Frust pur beim DFB: Hummels und Gomez. © dpa / Andreas Gebert

Welche Konsequenzen soll es nach dem peinlichen aus der Nationalmannschaft bei der WM in Russland geben? Redakteur Manuel Bonke analysiert das Scheitern und die Verantwortlichen.
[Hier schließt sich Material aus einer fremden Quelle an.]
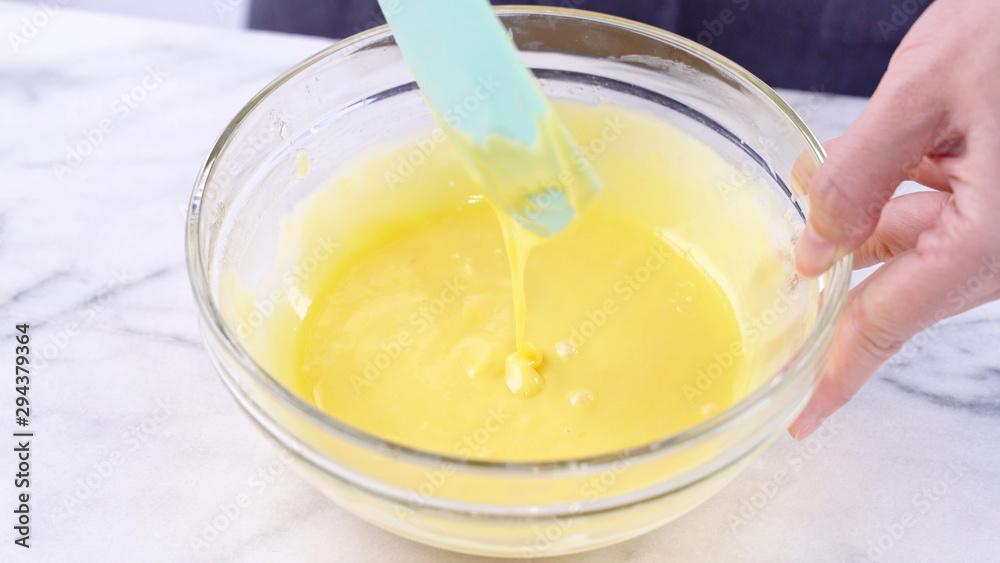 用绿色橡胶抹刀搅拌工具将蛋黄搅拌到蛋糕面糊中，搅拌至光滑起泡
Die Krisensitzungen nach der 0:2-Pleite gegen Südkorea und dem damit verbundenen WM-Vorrunden-Aus starteten Mittwochabend noch am Mannschaftsbus. Den Anfang machten DFB-Direktor Oliver Bierhoff und Kapitän Manuel Neuer. Kurz vor der Abfahrt aus dem Stadion standen Bierhoff, DFB-Präsident Reinhard Grindel, Vize Rainer Koch und Generalsekretär Friedrich Curtius zusammen und diskutierten die Lage – es gibt nach dem WM-Desaster enorm viel Gesprächsbedarf. „Es war zu wenig. Das muss man festhalten. Es wird wichtig sein, alles aufzuarbeiten. Es wird alles hinterfragt. Das machen wir auch nach anderen Turnieren. Jetzt wird es noch kritischer“, kündigte Bierhoff gestern bereits an.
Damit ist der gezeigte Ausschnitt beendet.